13. The computer-implemented method of claim 12, wherein generating the initial filter comprises:
generating a prompt using the natural language query, the prompt including a set of example natural language queries paired with example filters and/or a list of valid attribute names present in the structured dataset; and
providing the prompt to the generative model.
14. The computer-implemented method of claim 12, wherein the similarity-based matching operation comprises:
generating an embedding of the initial attribute value; and
determining a similarity between the embedding of the initial attribute value and an embedding for each at least a portion of the plurality of valid attribute values.
15. The computer-implemented method of claim 12, wherein identifying the valid attribute name corresponding to the initial attribute name comprises determining the valid attribute value corresponds to the valid attribute name.
16. The computer-implemented method of claim 12, wherein identifying the valid attribute name corresponding to the initial attribute name comprises:
generating an embedding of the initial attribute name; and
determining a similarity between the embedding of the initial attribute name and an embedding for each at least a portion of a plurality of valid attribute names in the structured dataset.
17. A computer system comprising:
one or more processors; and
one or more computer storage media storing computer-useable instructions that, when used by the one or more processors, causes the computer system to perform operations comprising:
receiving, by a user interface component, a natural language query;
generating, by a generative model, an initial filter based on the natural language query, the initial filter comprising an initial attribute value and an initial attribute name;
identifying, by an attribute resolving component, a valid attribute value corresponding to the initial attribute value and a valid attribute value corresponding to the initial attribute name;
generating, by a valid filter component, a valid filter by replacing the initial attribute value in the initial filter with the valid attribute value and replacing the initial attribute name in the initial filter with the valid attribute name;
retrieving, from the structured dataset, data using the valid filter; and
providing, by the user interface component, a response to the natural language query using the retrieved data.

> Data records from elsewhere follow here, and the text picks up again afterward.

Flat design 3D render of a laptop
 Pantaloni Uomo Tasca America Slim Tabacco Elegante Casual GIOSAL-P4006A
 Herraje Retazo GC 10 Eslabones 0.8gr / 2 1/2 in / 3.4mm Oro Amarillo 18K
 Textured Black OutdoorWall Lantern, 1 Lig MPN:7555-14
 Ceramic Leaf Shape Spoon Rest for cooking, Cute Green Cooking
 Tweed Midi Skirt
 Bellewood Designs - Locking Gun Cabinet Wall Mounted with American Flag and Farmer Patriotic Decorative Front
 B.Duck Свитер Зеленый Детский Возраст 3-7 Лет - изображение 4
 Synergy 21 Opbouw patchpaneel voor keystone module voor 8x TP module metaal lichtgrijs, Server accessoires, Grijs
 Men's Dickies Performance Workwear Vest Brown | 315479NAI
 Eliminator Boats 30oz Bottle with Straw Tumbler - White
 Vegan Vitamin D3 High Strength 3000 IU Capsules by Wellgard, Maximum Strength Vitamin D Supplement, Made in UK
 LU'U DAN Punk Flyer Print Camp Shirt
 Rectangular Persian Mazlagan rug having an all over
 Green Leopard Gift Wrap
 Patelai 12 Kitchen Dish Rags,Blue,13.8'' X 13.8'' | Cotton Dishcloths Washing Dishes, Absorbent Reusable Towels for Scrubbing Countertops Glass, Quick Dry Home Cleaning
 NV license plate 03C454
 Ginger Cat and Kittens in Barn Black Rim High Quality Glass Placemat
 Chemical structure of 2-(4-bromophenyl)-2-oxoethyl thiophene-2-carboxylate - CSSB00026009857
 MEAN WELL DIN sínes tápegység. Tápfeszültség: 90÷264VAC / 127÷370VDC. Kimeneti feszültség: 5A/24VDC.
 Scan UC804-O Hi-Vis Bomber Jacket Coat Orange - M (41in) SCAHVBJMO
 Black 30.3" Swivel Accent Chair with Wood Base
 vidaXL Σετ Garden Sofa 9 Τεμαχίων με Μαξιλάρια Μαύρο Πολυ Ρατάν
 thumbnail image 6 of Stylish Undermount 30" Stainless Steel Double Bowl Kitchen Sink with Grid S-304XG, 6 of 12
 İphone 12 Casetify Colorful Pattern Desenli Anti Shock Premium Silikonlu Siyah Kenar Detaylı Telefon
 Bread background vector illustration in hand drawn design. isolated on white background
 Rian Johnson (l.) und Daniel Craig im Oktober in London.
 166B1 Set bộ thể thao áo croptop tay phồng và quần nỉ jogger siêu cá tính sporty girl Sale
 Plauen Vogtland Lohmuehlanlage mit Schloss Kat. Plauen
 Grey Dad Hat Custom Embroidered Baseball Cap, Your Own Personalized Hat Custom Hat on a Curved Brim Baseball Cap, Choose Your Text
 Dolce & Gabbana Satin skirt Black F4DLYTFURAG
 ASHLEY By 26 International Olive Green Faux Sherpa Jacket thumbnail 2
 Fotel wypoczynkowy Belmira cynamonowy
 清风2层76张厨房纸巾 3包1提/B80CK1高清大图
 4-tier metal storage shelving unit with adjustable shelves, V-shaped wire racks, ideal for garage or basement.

18. The computer system of claim 17, wherein the valid attribute value is identified by searching an exact reverse hash table using the initial attribute value to determine an exact match for the initial attribute value is present in the exact reverse hash table, and wherein the valid attribute name is returned by the exact reverse hash table based on the exact match.
19. The computer system of claim 18, wherein the exact reverse hash table also returns a second valid attribute name based on the exact match, and wherein the valid attribute name is identified as corresponding to the initial attribute name based on a similarity of the valid attribute name to the initial attribute name as compared to a similarity of the second valid attribute name to the initial attribute name.
20. The computer system of claim 17, wherein the valid attribute value is identified by searching an exact reverse hash table using the initial attribute value to determine an exact match is not present in the exact reverse hash table, and performing a similarity-based matching operation to identifying the valid attribute value based on similarity to the initial attribute value; and
wherein the valid attribute name is identified by searching the exact reverse hash table using the valid attribute value.